*Information shown*
++++++

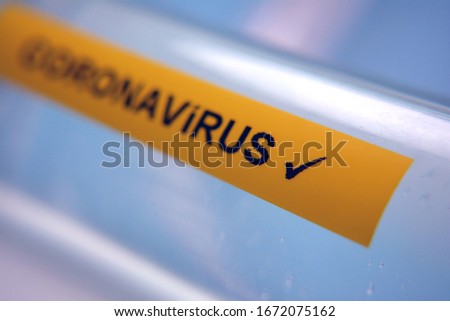 Yellow label with positive virus description, medicine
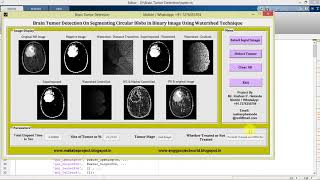 Brain Tumor Detection Using Watershed Technique Matlab Project with Source Code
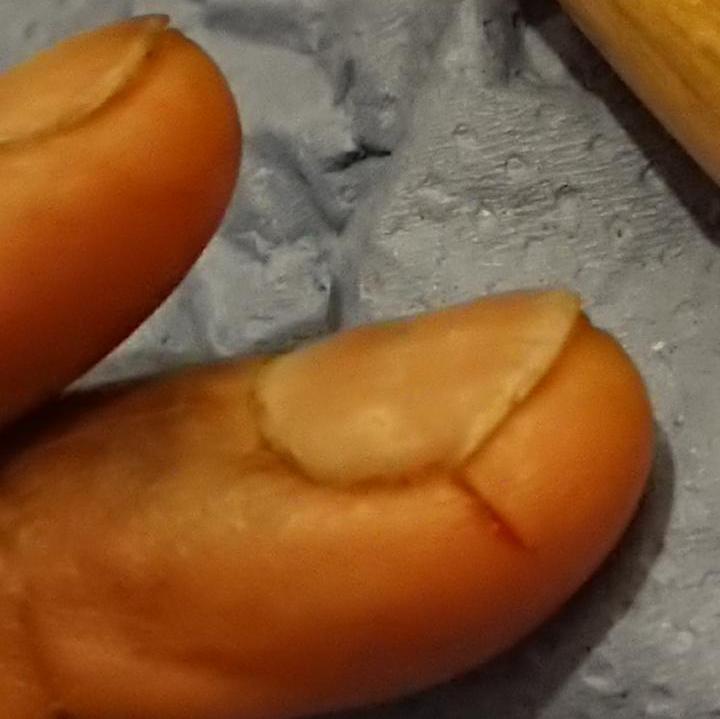 Finger injury due to metalsmithng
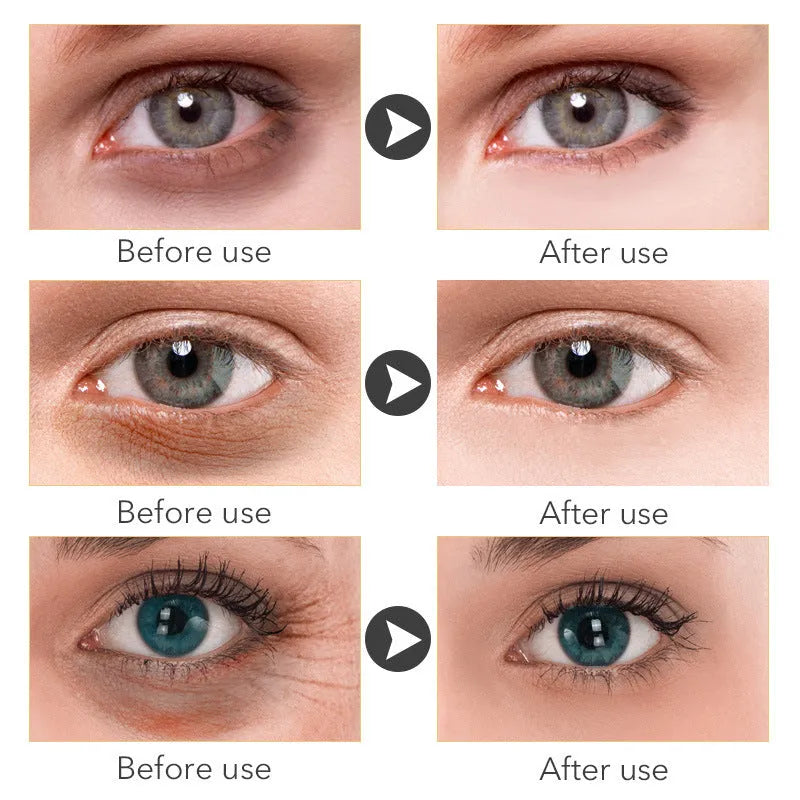 30ml pump bottle of Beauty Eye Cream for women's eye contour skincare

++++++

*What the task requires*
Pictures stay out; reproduce exactly the lines from the one containing "Finger injury due to metalsmithng" through the last line of the listing, both included.

*The answer*
 Finger injury due to metalsmithng
 30ml pump bottle of Beauty Eye Cream for women's eye contour skincare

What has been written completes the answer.